When other people started letting me try their guitars, I finally realized what the problem was. My cheap plywood instrument was the problem. The strings were always stiff and were strung too high above the neck. Playing chords took a lot of finger-power to press down on the frets. I built up some pretty good callouses while learning on that piece of junk.
When I bought a better acoustic, I realized a nicer, well-built guitar was easier to play and sounded much better, no matter who played it.
My point is your resources matter. The tools you use make a difference. Whether we are talking about kitchen utensils, gardening implements, or Bible study aids, we should carefully choose the best we can afford. If we have to start with the cheap stuff, so be it. Get what you can out of it, but try to work up to something better.
I heard Chuck Missler say to treat your Bible study library as you would your favorite hobby. Then he asked with a grin, “How many of you spend more money on your hobby than you want your spouse to know about?” Golf, hunting, fishing, scrapbooking, shopping, photography, music, reading, and (eek!) gardening.
You may be doing well just to read your Bible. Don’t stop doing that, but it contains some things that are hard to understand. Most of us seek answers to our questions about it. Where do you go for that information? According to the Scriptures, our lack of knowledge can be a serious thing. It may cause you to think your Bible is a Sears Silvertone.
There are so many excellent resources available that help us understand different aspects of God’s Word. Sure, we can get information from the Internet, but reliable, trustworthy, academically sound resources usually come with a price.
I’ve got lots of different Bible translations in print and compare them frequently. I make extensive use of good cross references. I’ve got several Study Bibles that give brief explanations in context. I enjoy several commentaries which offer a wide variety of theological perspectives. Then there are atlases, theological word books, Bible dictionaries, a big old Strong’s concordance, archaeology information, and many other superb helps. And yes, I use several digital study sources.

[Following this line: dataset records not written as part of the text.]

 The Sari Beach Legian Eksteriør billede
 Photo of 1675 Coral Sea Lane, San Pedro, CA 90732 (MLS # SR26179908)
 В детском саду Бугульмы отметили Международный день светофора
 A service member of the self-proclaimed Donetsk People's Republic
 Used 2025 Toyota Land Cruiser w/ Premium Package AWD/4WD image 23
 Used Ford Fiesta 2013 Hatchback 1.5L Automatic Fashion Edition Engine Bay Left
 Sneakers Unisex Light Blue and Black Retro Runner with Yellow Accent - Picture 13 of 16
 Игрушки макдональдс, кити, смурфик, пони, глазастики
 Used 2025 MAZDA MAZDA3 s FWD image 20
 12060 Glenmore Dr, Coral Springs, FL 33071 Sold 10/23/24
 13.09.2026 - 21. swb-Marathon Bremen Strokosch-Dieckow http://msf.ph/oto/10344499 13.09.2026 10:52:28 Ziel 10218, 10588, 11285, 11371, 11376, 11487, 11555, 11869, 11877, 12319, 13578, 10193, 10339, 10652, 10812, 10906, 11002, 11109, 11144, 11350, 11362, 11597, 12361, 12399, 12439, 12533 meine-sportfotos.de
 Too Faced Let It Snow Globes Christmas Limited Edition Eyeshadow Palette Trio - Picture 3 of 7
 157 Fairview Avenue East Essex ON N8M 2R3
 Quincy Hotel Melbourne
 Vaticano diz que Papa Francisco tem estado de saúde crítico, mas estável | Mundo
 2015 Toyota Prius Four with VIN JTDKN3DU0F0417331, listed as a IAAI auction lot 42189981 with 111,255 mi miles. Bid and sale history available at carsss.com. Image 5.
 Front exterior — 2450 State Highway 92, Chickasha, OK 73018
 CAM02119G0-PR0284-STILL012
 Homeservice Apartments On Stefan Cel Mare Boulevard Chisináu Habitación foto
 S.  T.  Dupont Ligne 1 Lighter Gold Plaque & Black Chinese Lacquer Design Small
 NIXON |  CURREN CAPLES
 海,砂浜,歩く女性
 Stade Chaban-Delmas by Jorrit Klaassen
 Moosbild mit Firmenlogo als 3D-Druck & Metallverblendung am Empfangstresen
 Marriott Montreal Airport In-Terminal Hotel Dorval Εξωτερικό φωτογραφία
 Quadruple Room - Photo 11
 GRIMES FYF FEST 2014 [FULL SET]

Consider it a hobby and spend accordingly, but only if you plan to use them. Don’t treat them like a collection of ceramic figurines that just catch dust on your shelves.
Keep in mind that every one of these materials is not without a perspective. The slant of some is more evident than others since they are created to be marketed to specific theological populations. I think it’s good to understand the spectrum of Christian thought, but only if you’re clear on the rock-solid basics of orthodoxy.
I’ve got a thirst for knowledge about the Word of God. It will be a never-ending quest till the day I die because there’s so much to discover about the Scriptures. I used to tell people in church training sessions, “We never graduate from Sunday school.”
I realize many people have neither the time nor the inclination to do in-depth Bible study on their own. But when that bug bites, it’s good to know what to do to scratch the itch. You can’t get it with just a weekly Sunday morning sermon.
There are plenty of theological Sears Silvertones out there. They may be all that beginners can get their hands on. They have a certain twang, but they aren’t meant for anything more than singing around the campfire. Some people may want to toss them into the campfire.
Look for good resources that can take you into the depths of the Scriptures. You want sound theology that can encourage your daily walk in discipleship as well as improve your knowledge base. Excellent study material can help you have a more intimate relationship with the Lord. And that sounds like music to my ears.